One final story, probably very familiar to many, but one I could not leave out, about the modest Rabbi Zusya. As Rabbi Zusya he lay dying, his students came to his bedside and found him crying.
“Why are you crying?” they asked.
He answered, “All my life, I have tried to be like Moses. But I have come to realize that when I stand before Ribono shel Olam, God will not ask me, why were you not like Moses? God will ask, why were you not like Zusya?”
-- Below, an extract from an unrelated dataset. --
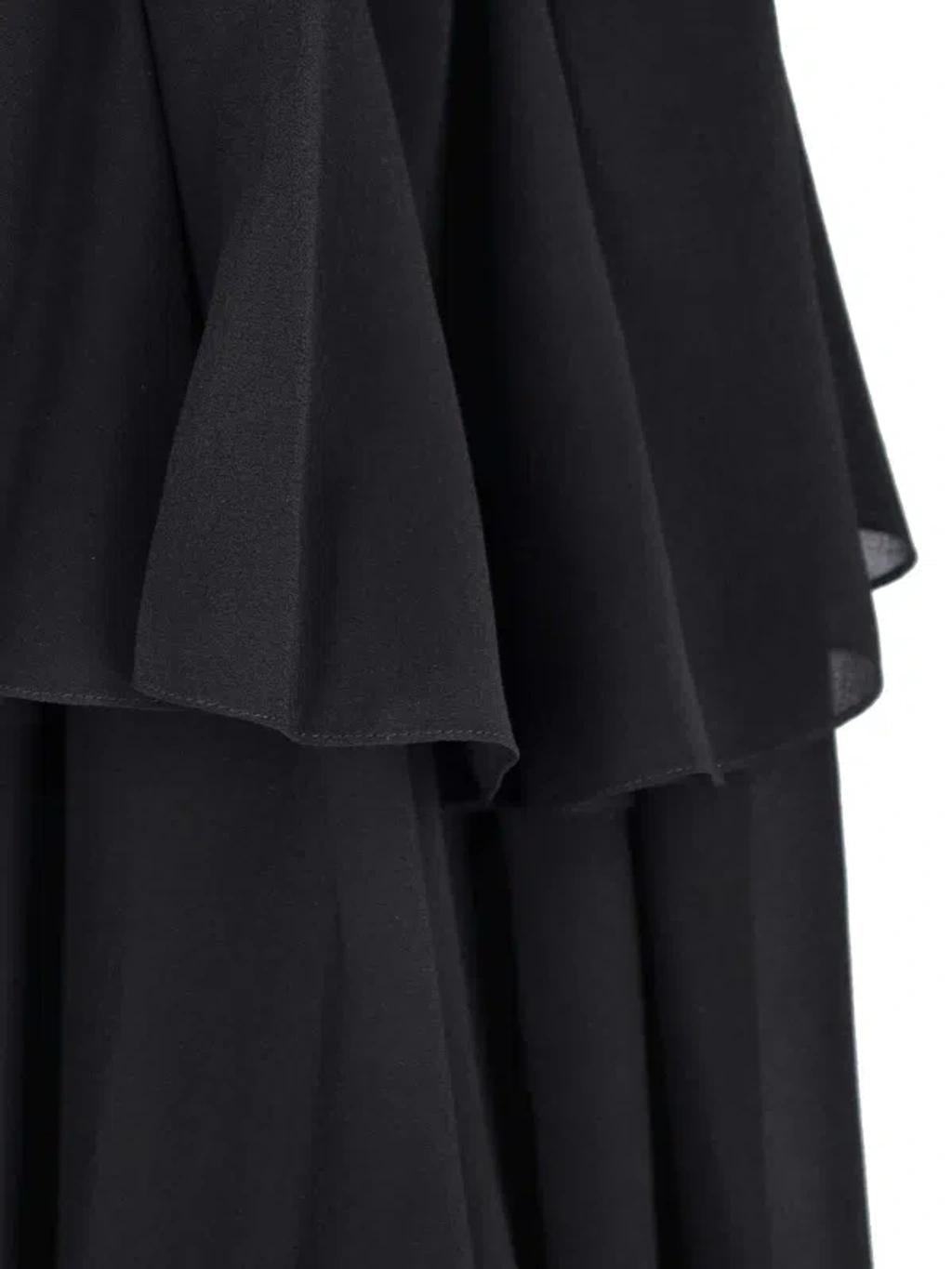 CHLOÉ Open-back Embellished Tiered Silk-georgette Maxi Dress In Black Product Image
Today we contemplate the purpose of our lives. We cannot help but consider, how will I be judged when it’s all over and done? Am I trying to be like Moses? Am I trying to be like Zusya? Or am I simply trying to be the very best I can be: the best rabbi or the best doctor or social worker or organizer or teacher or journalist or lawyer or receptionist or advocate, the best parent or child or sibling or grandparent, the best friend or lover or citizen you can be?

God does not expect you to be the best in the world, just the very best you can be, right here, right now. Every day, in every encounter, in every moment.

May we all be blessed to discover our rotze, our heart’s desire. May it be big enough so that we do not succumb to despair, and so we have the grit, the resourcefulness and the resilience to become the very best we can be. Ken yehi ratzon.

Sunday, September 8, 2013

What is our Purpose? Rosh Hashanah Sermon 2013/5774

Let’s get this out in the open. The holidays have come way too early this year. We haven’t had a moment to breathe between the end of summer and the onset of the Jewish holidays. Road construction is still blocking the roads, schools are just beginning to open. There are so many reasons to be somewhere else, so many obstacles to getting here for Rosh Hashanah.

Yet, you have decided to be here. Why? What is you purpose in coming here for the Jewish holy days?

You might say tradition—this is what we do. We come for the melodies, the drama, the recognition of what it means to be a Jew.

You might say community—we long to be with friends, acquaintances. We want to be part of this big event. We don’t want to miss out. Or someone made us come—a parent, a friend. Perhaps a deceased relative is speaking to us, insisting that we keep this annual ritual.

Underlying all of these reasons, is a purpose that unites us all. One purpose in coming on the Days of Awe is to take time to reflect. To look back on the past year. We change, we evolve. Our cells are always changing, bodies growing stronger at one end of the spectrum, and aging at the other. So too our minds. Reflection helps us recognize the direction we have taken as well as the one we have not. It helps us celebrate the achievements, and learn from the failures.

Also a time to make change, to set an intention for the coming year, to create modest goals for ourselves, to direct the change and not just respond to it.